◆ Entries shown
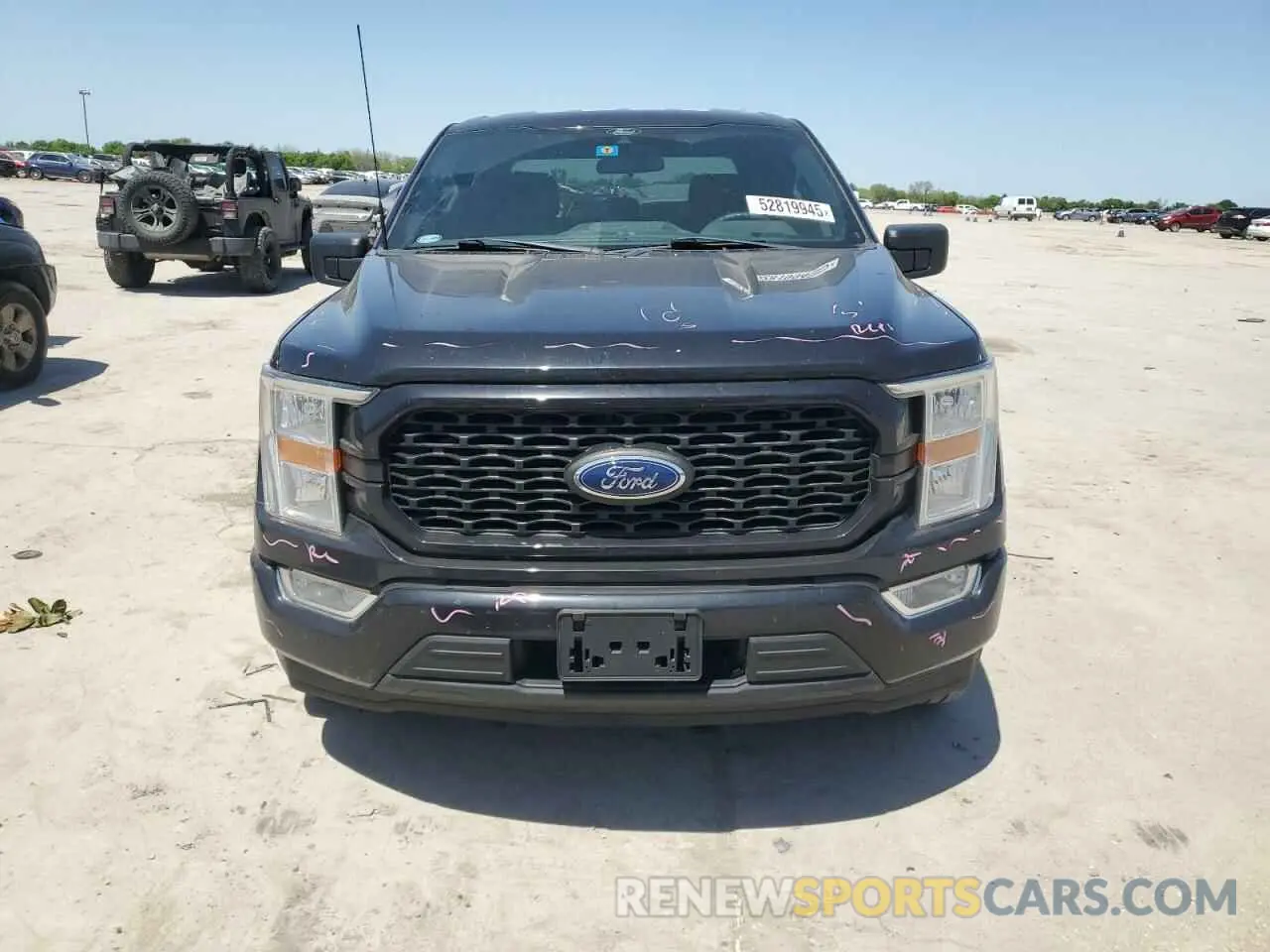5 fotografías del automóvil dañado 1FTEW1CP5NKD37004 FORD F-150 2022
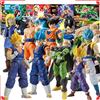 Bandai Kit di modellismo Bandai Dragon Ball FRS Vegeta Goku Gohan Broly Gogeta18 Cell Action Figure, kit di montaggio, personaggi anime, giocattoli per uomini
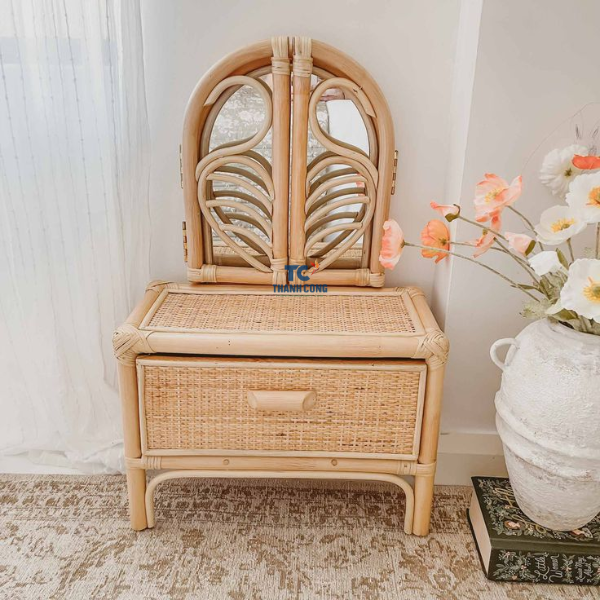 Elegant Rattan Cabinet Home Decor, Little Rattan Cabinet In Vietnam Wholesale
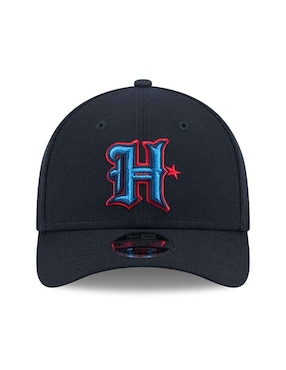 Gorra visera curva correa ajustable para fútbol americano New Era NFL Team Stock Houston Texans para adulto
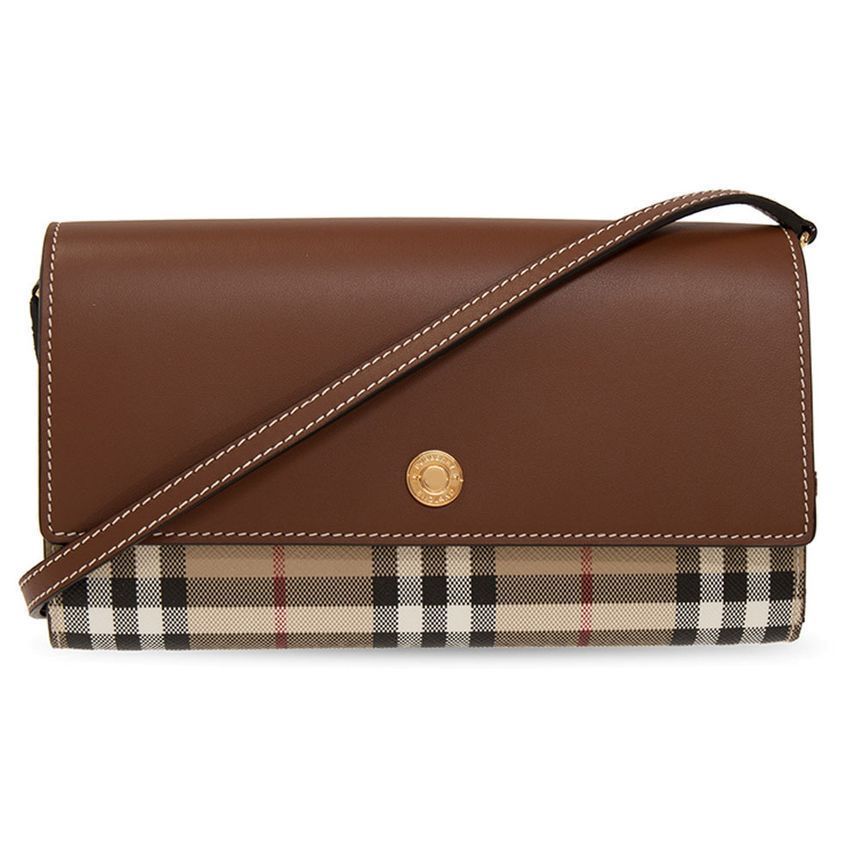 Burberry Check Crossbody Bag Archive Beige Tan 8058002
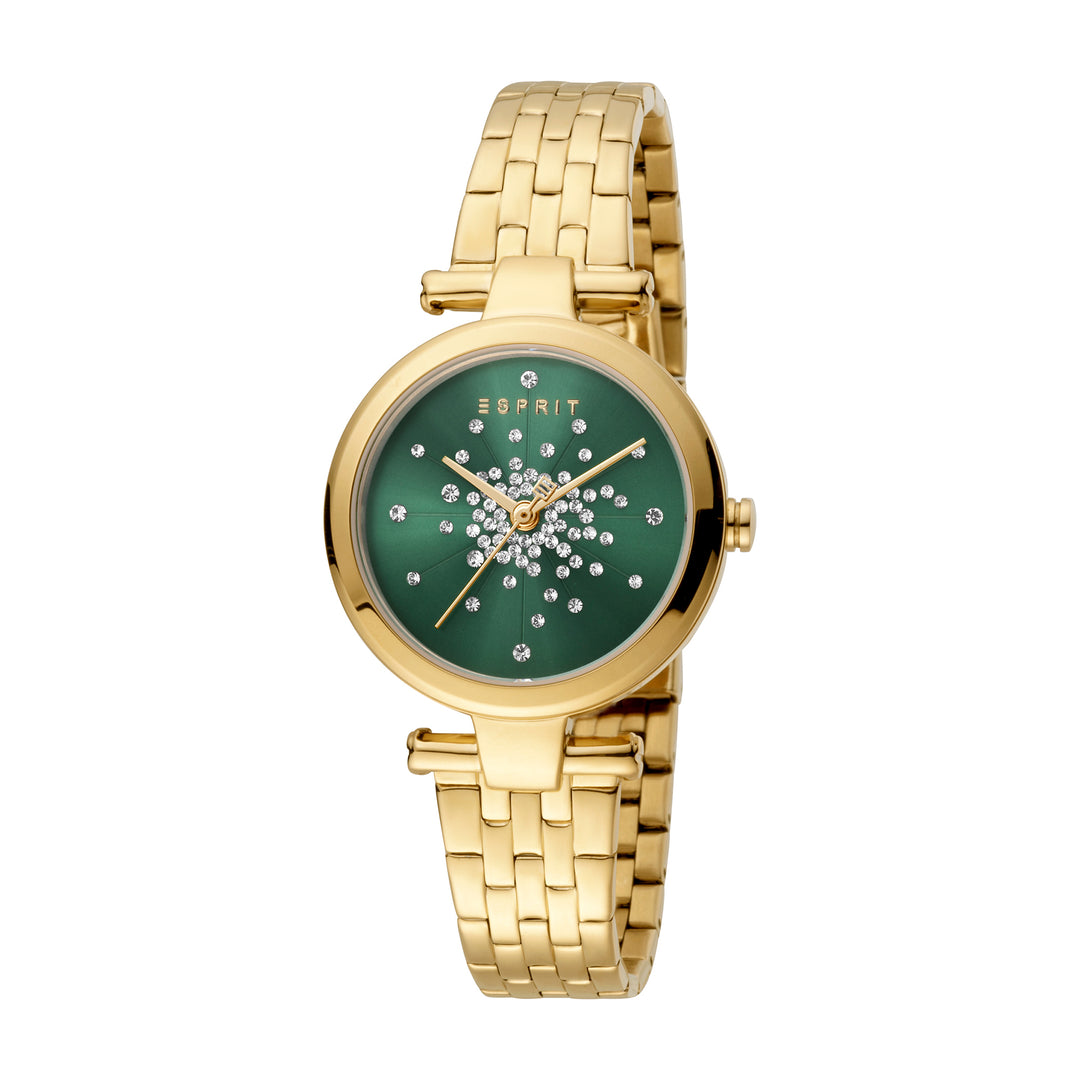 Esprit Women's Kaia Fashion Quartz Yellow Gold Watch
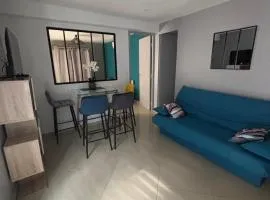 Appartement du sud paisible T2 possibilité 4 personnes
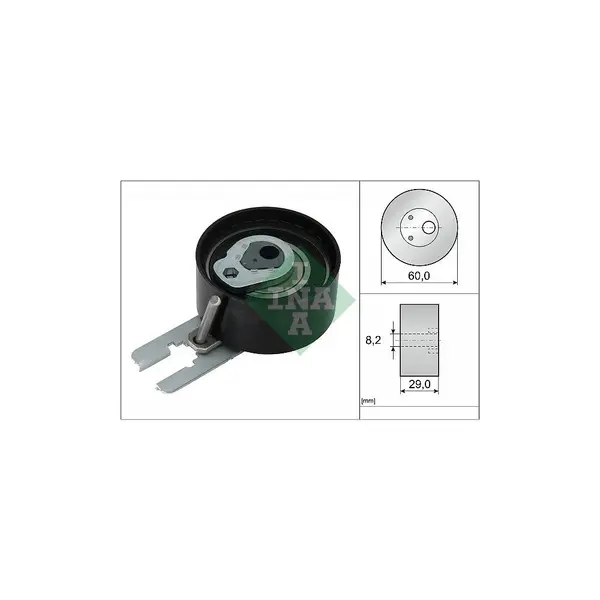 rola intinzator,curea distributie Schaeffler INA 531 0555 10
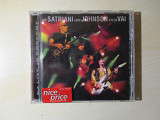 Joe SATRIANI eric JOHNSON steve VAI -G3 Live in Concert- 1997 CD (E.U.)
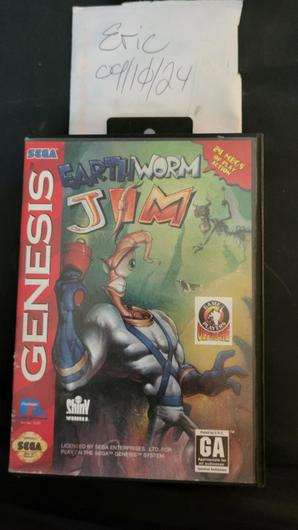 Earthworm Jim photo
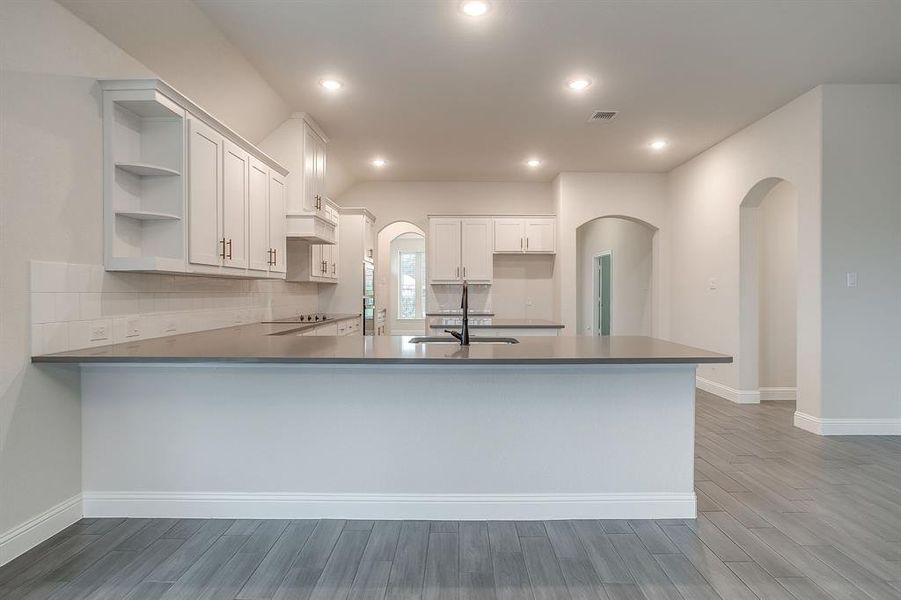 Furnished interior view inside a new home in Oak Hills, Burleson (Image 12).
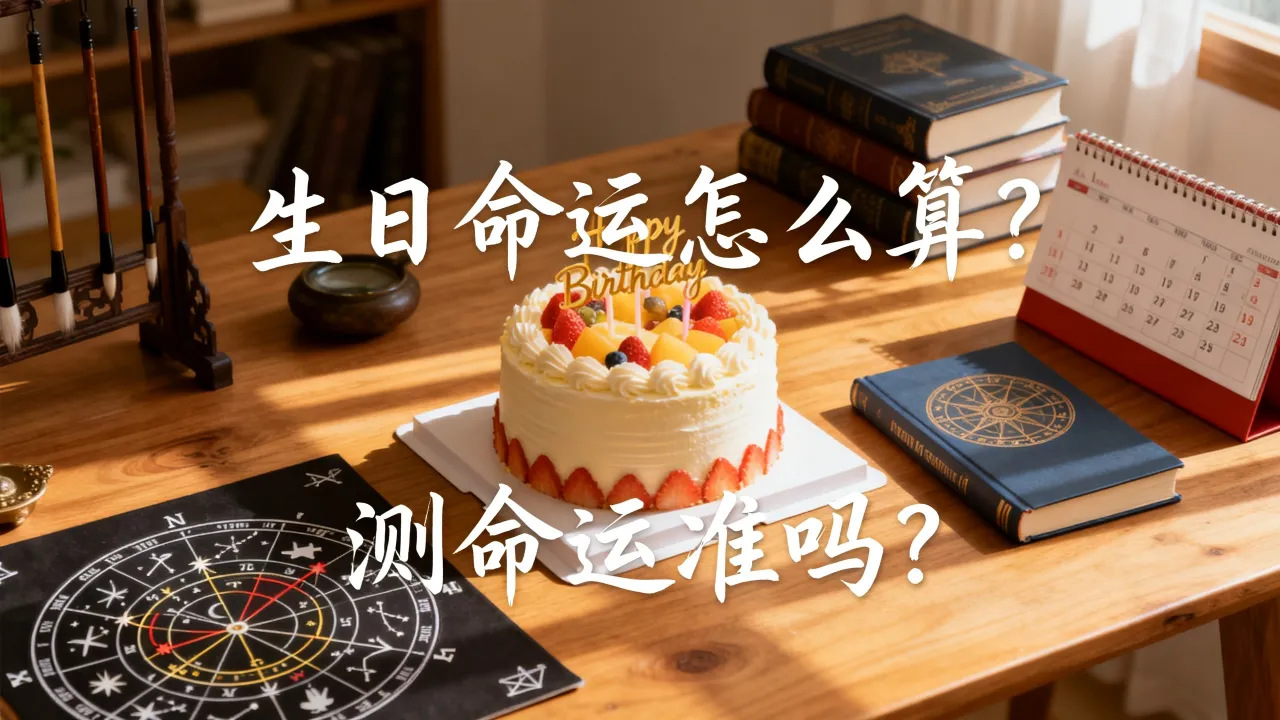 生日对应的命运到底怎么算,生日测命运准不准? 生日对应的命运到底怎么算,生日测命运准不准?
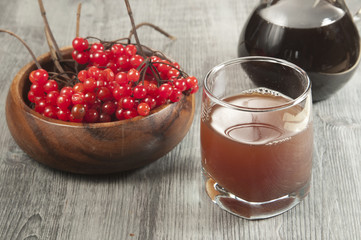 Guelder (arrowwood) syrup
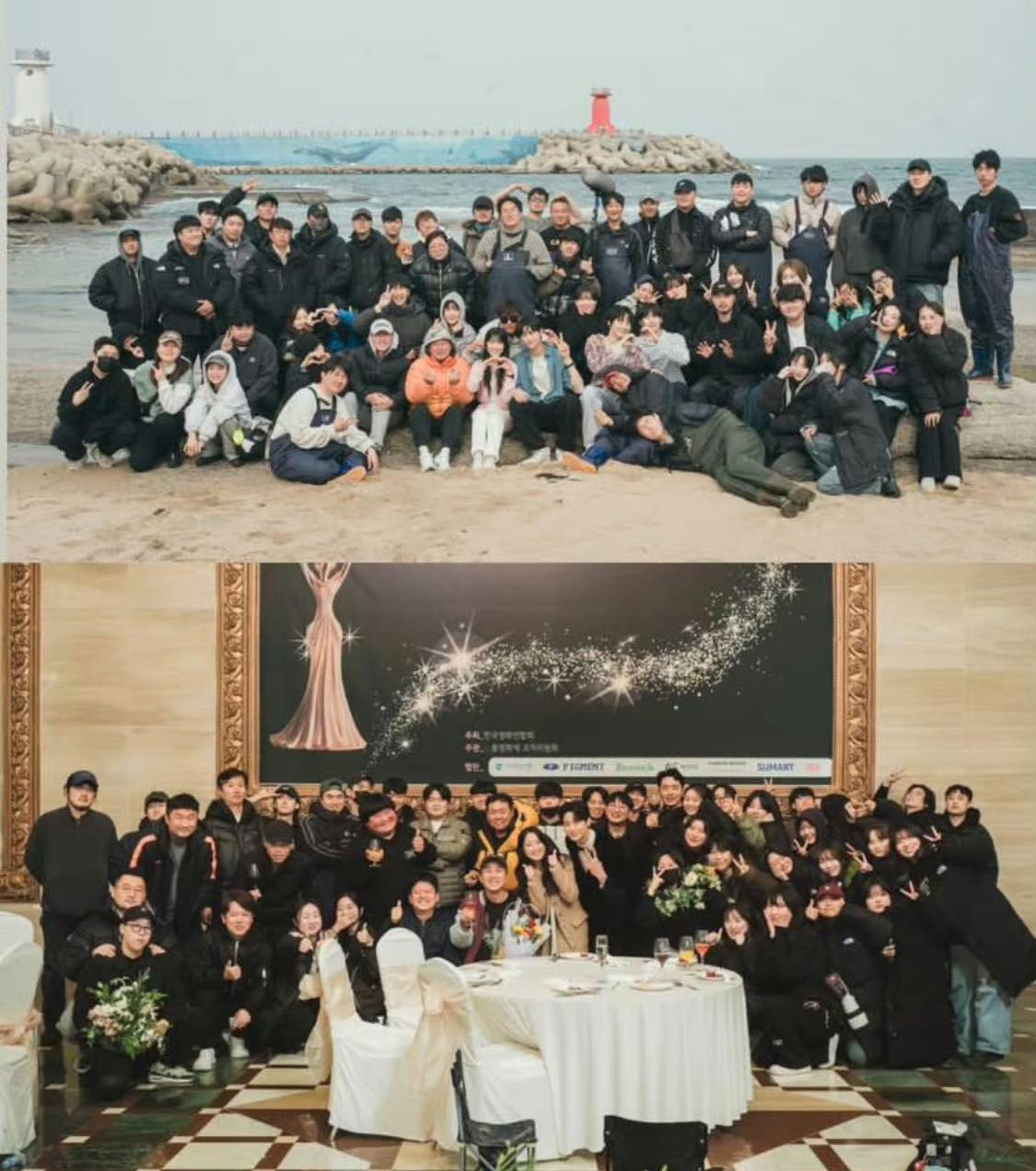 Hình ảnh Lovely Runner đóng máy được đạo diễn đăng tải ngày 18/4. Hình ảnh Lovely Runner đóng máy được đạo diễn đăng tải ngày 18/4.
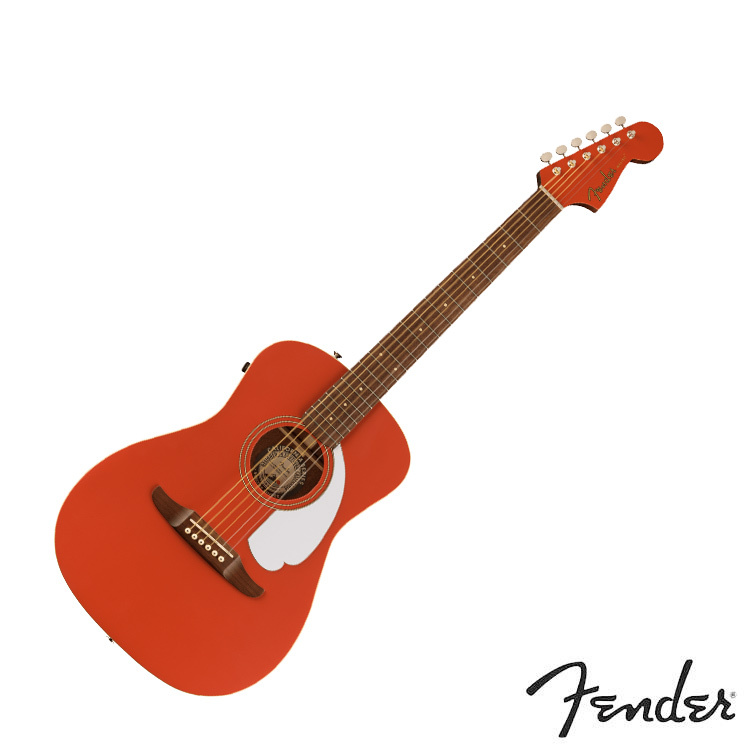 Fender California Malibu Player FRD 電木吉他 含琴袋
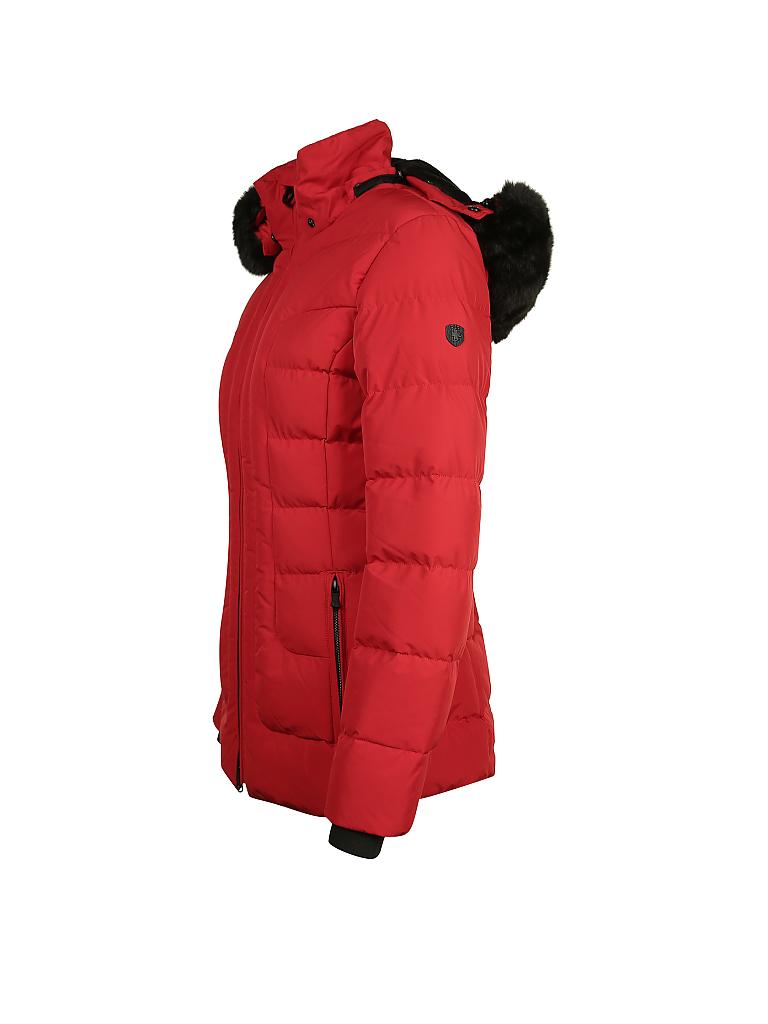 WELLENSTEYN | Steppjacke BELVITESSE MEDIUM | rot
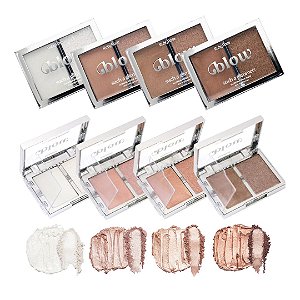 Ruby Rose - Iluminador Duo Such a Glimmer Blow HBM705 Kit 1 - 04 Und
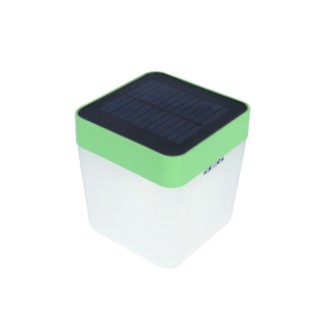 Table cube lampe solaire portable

◆ Brief
The copy you give must run from the line containing "Joe SATRIANI eric" through the last line of the records, exactly, with the pictures left out.

◆ Result of the task
 Joe SATRIANI eric JOHNSON steve VAI -G3 Live in Concert- 1997 CD (E.U.)
 Earthworm Jim photo
 Furnished interior view inside a new home in Oak Hills, Burleson (Image 12).
 生日对应的命运到底怎么算,生日测命运准不准? 生日对应的命运到底怎么算,生日测命运准不准?
 Guelder (arrowwood) syrup
 Hình ảnh Lovely Runner đóng máy được đạo diễn đăng tải ngày 18/4. Hình ảnh Lovely Runner đóng máy được đạo diễn đăng tải ngày 18/4.
 Fender California Malibu Player FRD 電木吉他 含琴袋
 WELLENSTEYN | Steppjacke BELVITESSE MEDIUM | rot
 Ruby Rose - Iluminador Duo Such a Glimmer Blow HBM705 Kit 1 - 04 Und
 Table cube lampe solaire portable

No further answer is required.